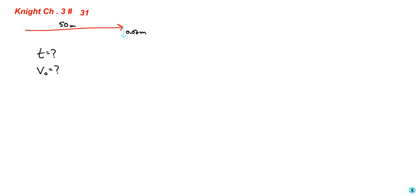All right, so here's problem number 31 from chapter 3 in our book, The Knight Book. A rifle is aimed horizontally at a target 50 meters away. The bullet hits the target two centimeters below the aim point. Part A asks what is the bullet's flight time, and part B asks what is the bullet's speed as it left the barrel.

= = =

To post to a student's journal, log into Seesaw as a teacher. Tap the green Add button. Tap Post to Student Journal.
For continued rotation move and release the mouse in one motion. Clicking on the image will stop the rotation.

= = =

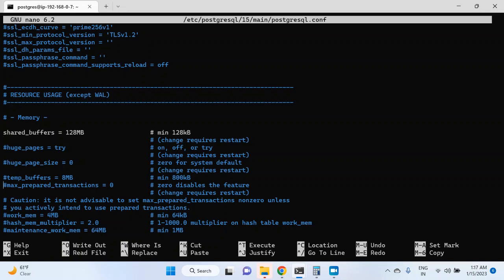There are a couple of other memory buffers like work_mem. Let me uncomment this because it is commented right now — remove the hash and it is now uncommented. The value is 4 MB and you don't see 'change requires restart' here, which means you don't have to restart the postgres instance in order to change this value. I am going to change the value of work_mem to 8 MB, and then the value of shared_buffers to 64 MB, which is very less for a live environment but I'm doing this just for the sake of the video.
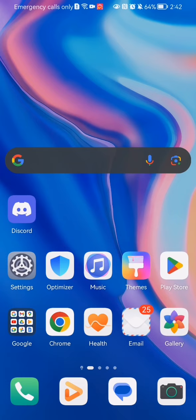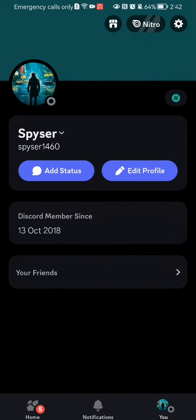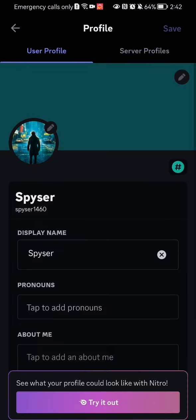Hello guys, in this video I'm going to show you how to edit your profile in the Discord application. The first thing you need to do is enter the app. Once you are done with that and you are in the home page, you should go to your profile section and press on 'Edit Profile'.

= = =

Find "To post to a" in the entries above and copy that whole line exactly, then each line after it through the line that contains "For continued rotation".

To post to a student's journal, log into Seesaw as a teacher. Tap the green Add button. Tap Post to Student Journal.
For continued rotation move and release the mouse in one motion. Clicking on the image will stop the rotation.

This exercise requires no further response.